On Sept. 13, 2019, the Internal Revenue Service (IRS) and the U.S. Department of the Treasury (Treasury) released final regulations and additional proposed regulations for Section 168(k), which allows an additional first-year depreciation deduction – generally referred to as “bonus depreciation” – on qualifying property in the year placed in service.
These final and additional proposed regulations follow the first set of proposed regulations for Section 168(k) that were released in August 2018, providing clarification to changes made by the Tax Cuts and Jobs Act (TCJA) for the first-year bonus depreciation deduction for qualified property acquired and placed in service after Sept. 27, 2017. The bonus depreciation deduction generally applies to assets such as machinery, equipment, computers, furniture and fixtures.
The final regulations implement several provisions introduced by the TCJA, which states that qualified property must be one of the following to meet bonus depreciation applicability:
- Modified Accelerated Cost Recovery System (MACRS) property with a recovery period of 20 years or less;
- Computer software;
- Water utility property;
- Certain qualified film, television or life theatrical production property; or,
- Specified plant property.
Property ineligible for the additional first-year depreciation deduction would generally include, but is not limited to, any of the following:
- Property required to be depreciated under the alternative depreciation system;
- Any class of property that the taxpayer elects not to deduct the additional first-year depreciation;
- Specified plant placed in service by the taxpayer in the taxable year for which the taxpayer elected to apply bonus depreciation for a prior year;
- Any class of property the taxpayer elects to accelerate alternative minimum credits in lieu of bonus depreciation for a taxable year beginning prior to Jan. 1, 2018; or
- Property used in a trade or business not subject not subject to 163(j).
The additional proposed regulations include new proposed rules for guidance that is not addressed in the final regulations regarding the application of Section 168(k).

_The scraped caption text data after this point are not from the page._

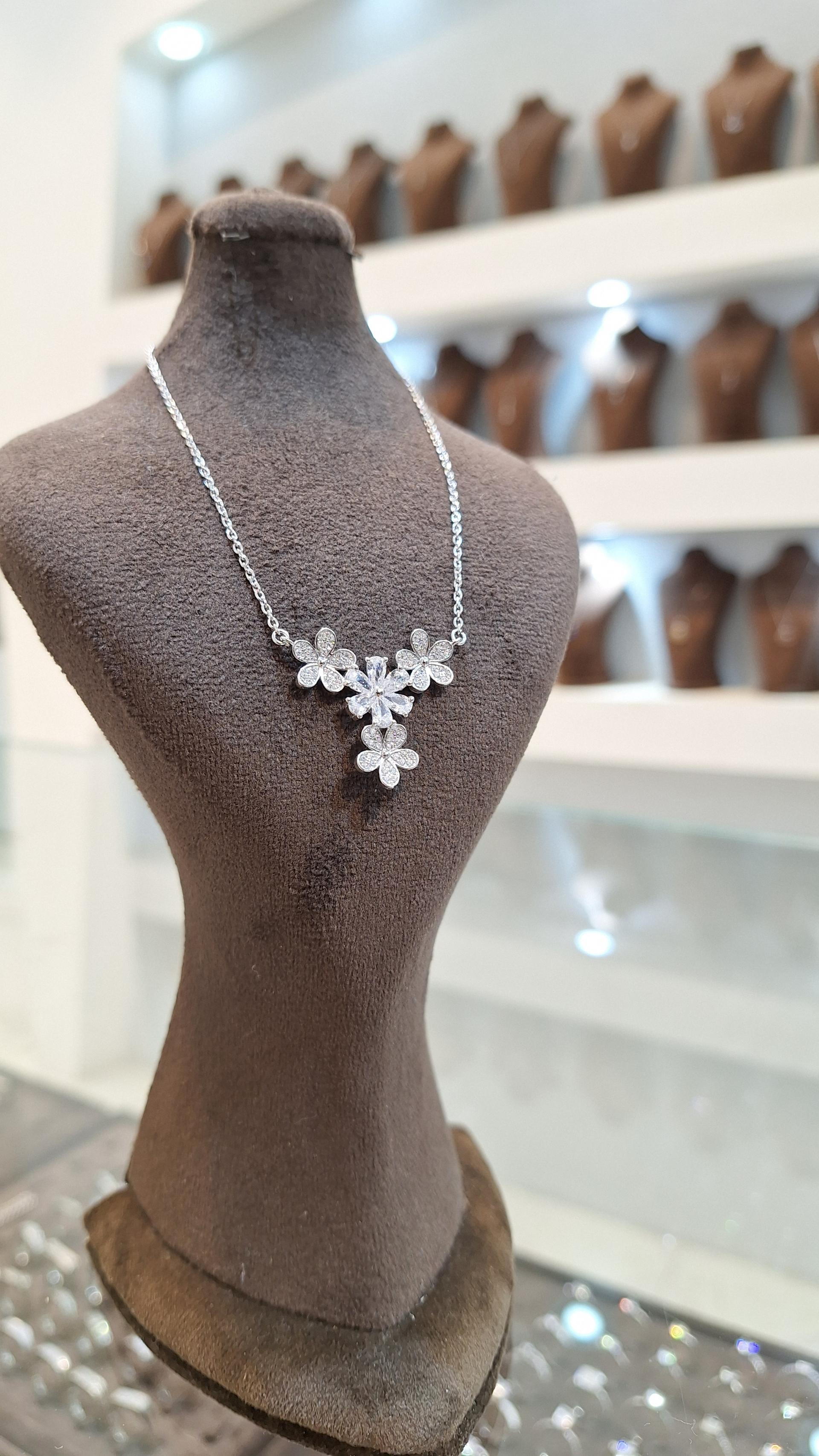 عکس نقره پریسا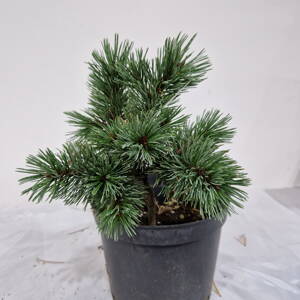 Pinus aristata SILVER HEELS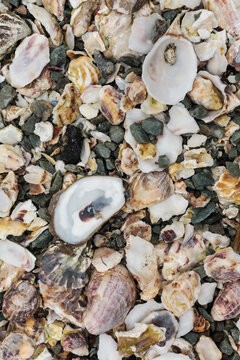 Oyster shells from Taylor Shellfish Farm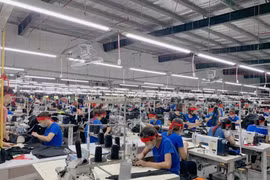 Dệt may TNG: Tăng trưởng 5 năm liên tiếp, doanh thu vượt 7.000 tỷ đồng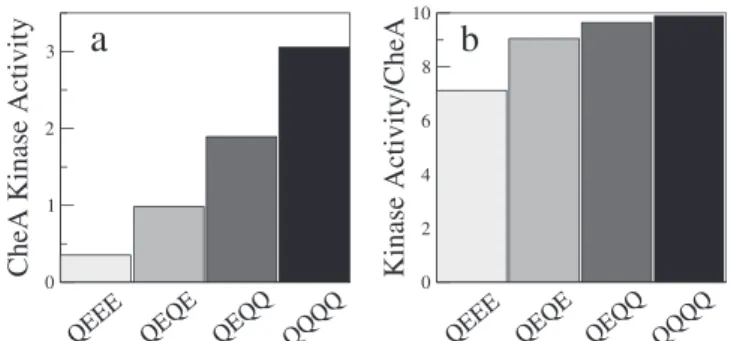Figure 3. Kinase Active Receptors Are in CheA-Bound Trimers of Dimers (A) CheA kinase activity at zero MeAsp concentration versus K i , defined as the MeAsp concentration required to reduce activity by one-half, for Tar receptors in different modification 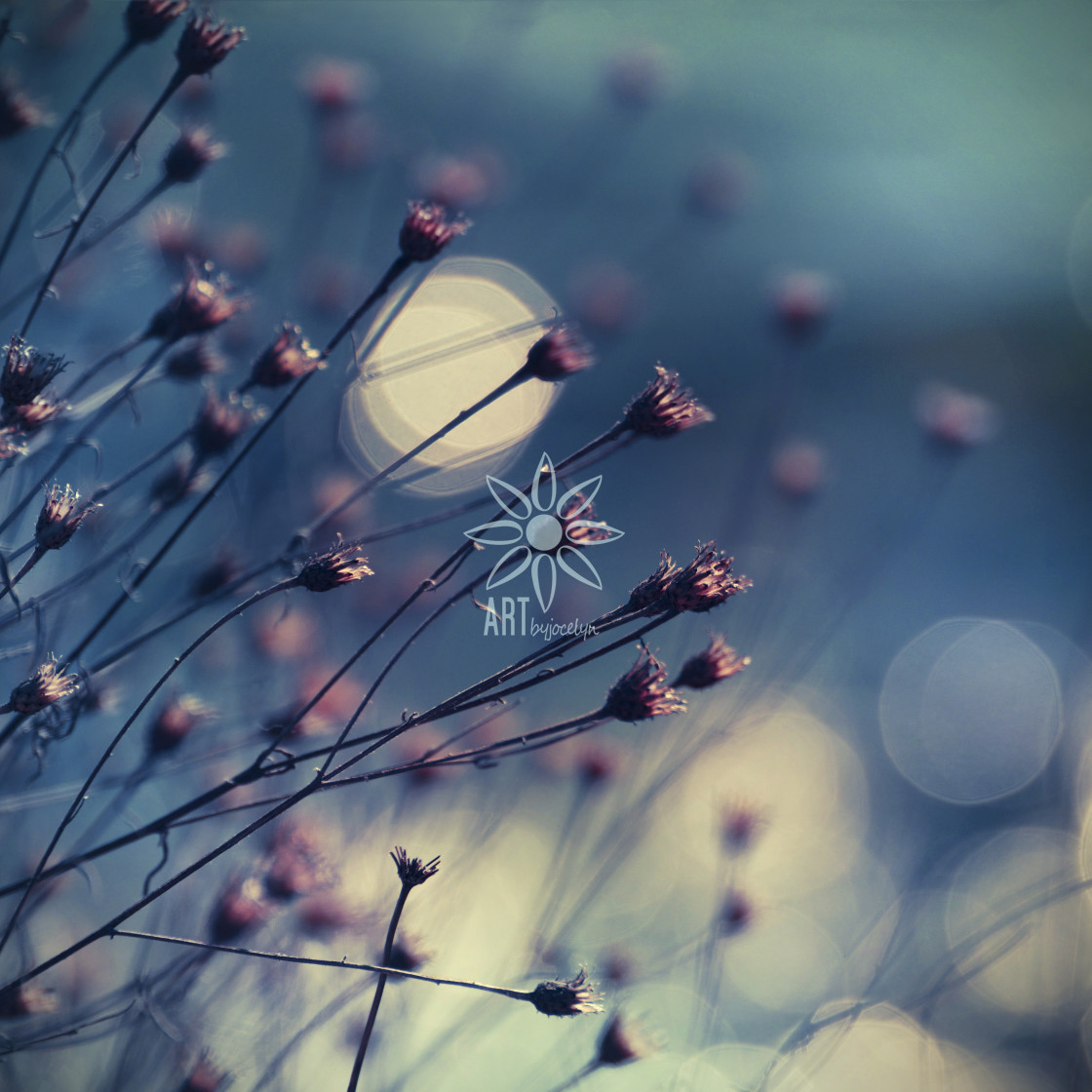 "Blue Summer Bokeh Delicate Pink Flowers" by Jocelyn Ball - $6.32 "Blue Summer Bokeh Delicate Pink Flowers" stock image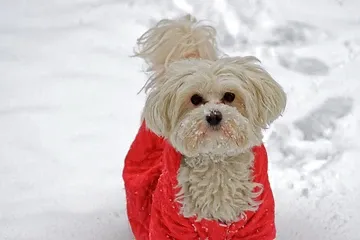 10 Ways To Keep Your Pets Safe This Winter 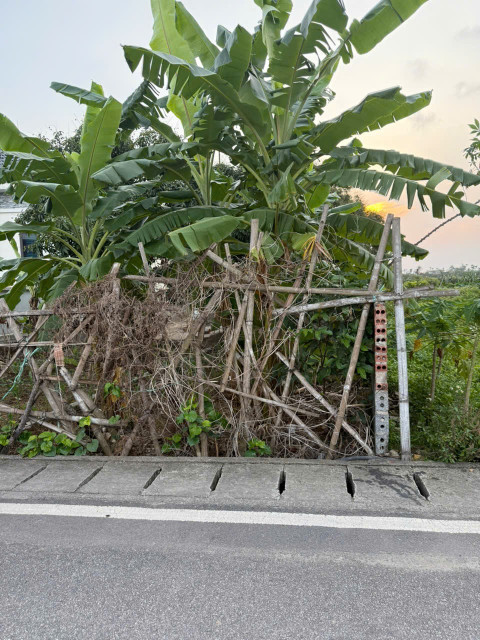 Bán đất 87.2m² ngang 4,5m. đường nhựa 7m. giá 1.59 tỷ Xã An Trường( Bát Trang). liên hệ 0362558882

Some of the highlights include rules for the following:
- Certain property not eligible for bonus depreciation deduction, particularly property that is primarily used in a trade or business excepted from interest limitation under section 163(j);
- A de minimis use rule for determining if a taxpayer previously used the property; and,
- Components of larger self-constructed property for which manufacturing, construction or production commenced before Sept. 28, 2017, and the components in question were self-constructed or acquired after Sept. 27, 2017.

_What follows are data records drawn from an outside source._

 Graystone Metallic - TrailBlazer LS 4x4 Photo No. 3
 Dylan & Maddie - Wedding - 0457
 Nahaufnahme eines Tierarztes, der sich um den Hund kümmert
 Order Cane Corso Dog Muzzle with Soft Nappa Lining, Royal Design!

The proposed regulations also include reproposed rules for the application of used property acquisition requirements for consolidated groups and to a series of related transactions.
Taxpayers who elect out of the additional first-year bonus depreciation deduction can do so on their originally filed tax returns. Taxpayers who already filed their tax return, yet still wish to opt out, are given six months from the original filing deadline to file an amended return without an extension.